**Work order**
Beginning at the top of the listing, repeat each line exactly until the line with "VidaXL Fauteuil Inclinable" has been repeated too.

**Records supplied**
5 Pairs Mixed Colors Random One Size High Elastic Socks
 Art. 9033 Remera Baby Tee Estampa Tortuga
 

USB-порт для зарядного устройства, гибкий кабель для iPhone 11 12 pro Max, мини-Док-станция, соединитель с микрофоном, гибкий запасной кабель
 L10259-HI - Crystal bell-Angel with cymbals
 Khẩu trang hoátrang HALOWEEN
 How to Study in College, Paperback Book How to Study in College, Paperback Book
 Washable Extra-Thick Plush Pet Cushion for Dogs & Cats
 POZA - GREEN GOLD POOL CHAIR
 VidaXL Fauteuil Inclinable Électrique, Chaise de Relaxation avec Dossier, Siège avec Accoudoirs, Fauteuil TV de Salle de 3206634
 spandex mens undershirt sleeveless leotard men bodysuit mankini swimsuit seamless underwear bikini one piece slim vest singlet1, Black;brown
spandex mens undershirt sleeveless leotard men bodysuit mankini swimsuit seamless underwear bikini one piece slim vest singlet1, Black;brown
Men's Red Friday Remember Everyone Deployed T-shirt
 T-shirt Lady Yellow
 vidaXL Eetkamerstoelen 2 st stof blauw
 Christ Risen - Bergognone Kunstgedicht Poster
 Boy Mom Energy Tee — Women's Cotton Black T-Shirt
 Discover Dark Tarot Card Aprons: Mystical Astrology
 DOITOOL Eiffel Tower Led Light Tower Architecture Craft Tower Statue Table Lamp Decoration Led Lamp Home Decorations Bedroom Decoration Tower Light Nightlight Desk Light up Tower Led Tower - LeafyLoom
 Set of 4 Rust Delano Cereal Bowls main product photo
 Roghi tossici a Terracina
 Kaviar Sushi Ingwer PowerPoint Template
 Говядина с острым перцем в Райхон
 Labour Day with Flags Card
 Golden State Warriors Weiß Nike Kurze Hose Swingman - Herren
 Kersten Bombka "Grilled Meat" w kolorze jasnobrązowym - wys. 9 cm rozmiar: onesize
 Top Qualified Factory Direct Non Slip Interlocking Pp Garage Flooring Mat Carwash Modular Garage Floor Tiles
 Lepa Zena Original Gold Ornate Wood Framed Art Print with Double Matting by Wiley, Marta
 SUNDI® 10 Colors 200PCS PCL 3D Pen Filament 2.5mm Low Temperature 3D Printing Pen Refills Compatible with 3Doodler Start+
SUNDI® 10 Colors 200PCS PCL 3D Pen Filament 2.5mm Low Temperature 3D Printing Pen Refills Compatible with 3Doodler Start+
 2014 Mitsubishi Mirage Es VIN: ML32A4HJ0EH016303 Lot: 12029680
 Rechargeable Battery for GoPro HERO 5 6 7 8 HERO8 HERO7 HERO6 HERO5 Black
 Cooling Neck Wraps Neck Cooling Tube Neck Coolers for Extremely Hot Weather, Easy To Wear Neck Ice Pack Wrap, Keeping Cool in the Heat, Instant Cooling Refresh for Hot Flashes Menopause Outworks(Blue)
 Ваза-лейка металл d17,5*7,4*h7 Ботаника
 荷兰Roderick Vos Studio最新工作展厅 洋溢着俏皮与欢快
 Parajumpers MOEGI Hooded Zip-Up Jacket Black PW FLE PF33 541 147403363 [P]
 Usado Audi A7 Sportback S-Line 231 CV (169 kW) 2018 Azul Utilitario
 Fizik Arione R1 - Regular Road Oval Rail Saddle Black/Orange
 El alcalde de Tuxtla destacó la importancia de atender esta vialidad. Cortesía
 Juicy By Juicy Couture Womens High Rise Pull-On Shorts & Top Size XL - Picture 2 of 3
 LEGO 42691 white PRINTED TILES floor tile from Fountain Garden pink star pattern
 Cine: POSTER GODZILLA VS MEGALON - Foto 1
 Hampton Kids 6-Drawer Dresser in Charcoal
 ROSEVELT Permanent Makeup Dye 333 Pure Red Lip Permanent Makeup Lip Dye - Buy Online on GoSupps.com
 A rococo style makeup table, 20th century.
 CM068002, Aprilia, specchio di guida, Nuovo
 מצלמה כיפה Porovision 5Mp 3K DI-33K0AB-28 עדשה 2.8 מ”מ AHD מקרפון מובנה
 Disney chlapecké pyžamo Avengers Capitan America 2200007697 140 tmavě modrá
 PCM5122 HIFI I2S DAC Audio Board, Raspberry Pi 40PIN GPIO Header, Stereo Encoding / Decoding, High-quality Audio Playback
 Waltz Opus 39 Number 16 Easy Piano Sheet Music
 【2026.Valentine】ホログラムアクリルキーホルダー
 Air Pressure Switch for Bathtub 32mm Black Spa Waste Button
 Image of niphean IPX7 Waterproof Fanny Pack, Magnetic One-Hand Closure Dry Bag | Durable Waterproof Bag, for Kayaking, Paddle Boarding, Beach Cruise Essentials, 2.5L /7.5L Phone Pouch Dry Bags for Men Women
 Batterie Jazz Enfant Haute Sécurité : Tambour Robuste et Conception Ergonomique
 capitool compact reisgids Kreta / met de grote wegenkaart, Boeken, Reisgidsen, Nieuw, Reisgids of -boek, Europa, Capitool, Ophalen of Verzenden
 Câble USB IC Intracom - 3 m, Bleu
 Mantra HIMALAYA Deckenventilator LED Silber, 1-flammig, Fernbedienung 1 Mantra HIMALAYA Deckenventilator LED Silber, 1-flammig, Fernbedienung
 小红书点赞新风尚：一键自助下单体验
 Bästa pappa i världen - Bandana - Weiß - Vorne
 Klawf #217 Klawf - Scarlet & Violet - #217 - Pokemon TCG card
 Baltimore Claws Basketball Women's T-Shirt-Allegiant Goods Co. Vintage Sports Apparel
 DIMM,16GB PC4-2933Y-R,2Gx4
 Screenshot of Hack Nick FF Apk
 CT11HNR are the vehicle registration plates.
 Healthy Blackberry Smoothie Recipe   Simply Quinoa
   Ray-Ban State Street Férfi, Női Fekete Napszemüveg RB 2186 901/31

**Task result**
5 Pairs Mixed Colors Random One Size High Elastic Socks
 Art. 9033 Remera Baby Tee Estampa Tortuga
 

USB-порт для зарядного устройства, гибкий кабель для iPhone 11 12 pro Max, мини-Док-станция, соединитель с микрофоном, гибкий запасной кабель
 L10259-HI - Crystal bell-Angel with cymbals
 Khẩu trang hoátrang HALOWEEN
 How to Study in College, Paperback Book How to Study in College, Paperback Book
 Washable Extra-Thick Plush Pet Cushion for Dogs & Cats
 POZA - GREEN GOLD POOL CHAIR
 VidaXL Fauteuil Inclinable Électrique, Chaise de Relaxation avec Dossier, Siège avec Accoudoirs, Fauteuil TV de Salle de 3206634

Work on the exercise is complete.